Table 3 : AMCs with highest exposure to Yes Bank debt in terms of % of assets
|AMC||Holding % (Assetwise)||Holding % (OverAll)|
|Nippon India Life Asset Management Limited||2.18||0.88|
|PGIM India Asset Management Private Limited||1.34||0.82|
|Baroda Asset Management India Limited||0.75||0.48|
|Franklin Templeton Asset Management (India) Private Limited||0.73||0.37|
|UTI Asset Management Company Private Limited||0.55||0.24|
|IDBI Asset Management Ltd.||0.38||0.15|
Data as on November 30, 2019
(Source: ACE MF)
Shareholders are not convinced about the capital infusion deal as the Canadian investor who has promised to infuse capital in Yes Bank has a history of failed businesses, bankruptcies, and litigation. The investor may thus fail to clear RBI’s `fit and proper’ criteria for investment in banks, causing the bank bigger troubles to raise capital. With such prevailing concerns, Yes Bank instruments may see further downgrades in the near term putting them at higher risk of default.
Mutual funds with exposure to such instruments will then have no choice but to write off investments or create side pockets. If the fund house is confident about recovering money from the debtor, creation of side pocket might help.

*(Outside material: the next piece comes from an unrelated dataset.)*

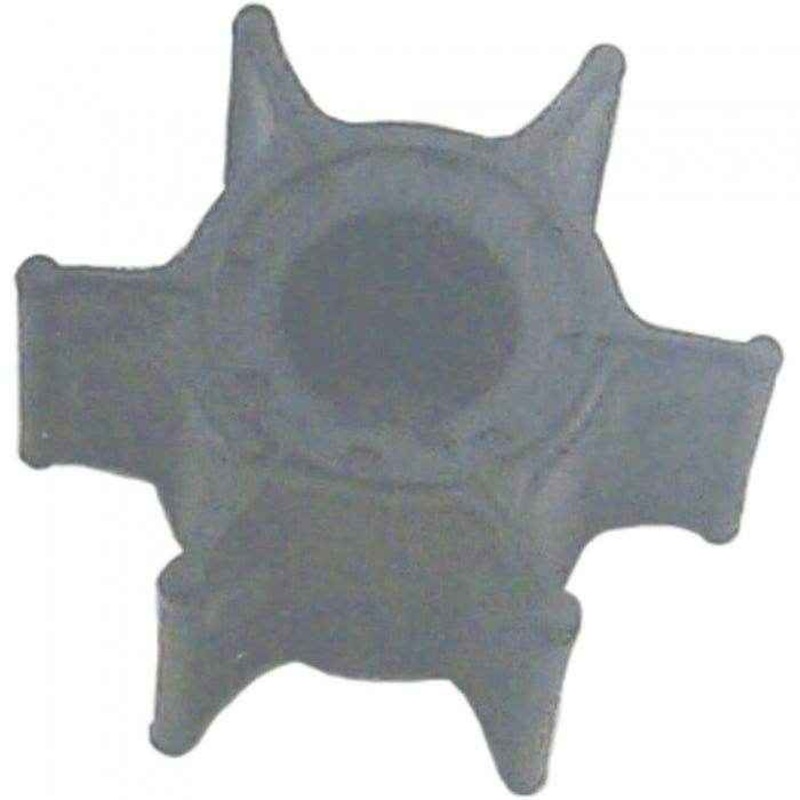 Impeller Mercury | Sierra 18-3074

Side pocketing is an accounting method of calculating two Net Asset Values (NAVs) of a scheme by demarcating good assets from troubled assets. Redemptions and purchases are allowed only through the bucket of good assets. As and when the issues of troubled assets are resolved, investors can liquidate their holdings in that bucket as well.
However, it is not always possible for mutual funds to write off the losses made by their schemes. If the fund decides to write off its holdings, it will reflect in the NAV of those schemes. This is because mutual funds are essentially pass-through vehicles, wherein NAV ought to reflect the correct value of assets held at any time.

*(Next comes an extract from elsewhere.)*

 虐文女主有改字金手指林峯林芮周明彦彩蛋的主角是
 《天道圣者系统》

What should debt mutual fund investors do?
If you already have exposure to debt mutual fund schemes with exposure to debt instruments of Yes Bank, you could possibly do away with the ones that would prove perilous to your wealth after conducting a systematic portfolio review.
It is important for you, as an investor, to approach debt mutual funds with caution and your eyes wide open. Do not assume debt mutual funds to be risk-free; they are not! All investments are subject to market risk.
Before investing in debt funds, understand the credit risk involved. If one does not pay attention to the portfolio characteristic of a debt mutual fund scheme, it can result in making the wrong investment choices, thus leading to wealth erosion.
That being said, credit risks can randomly knock on doors and avoiding them is almost impossible — even for a seasoned fund manager or an investment advisor. However, a process-driven approach, less dependence on concentrated exposures (for generating higher returns), and focus on portfolio characteristics can help reduce the risk involved when you choose a debt mutual fund scheme.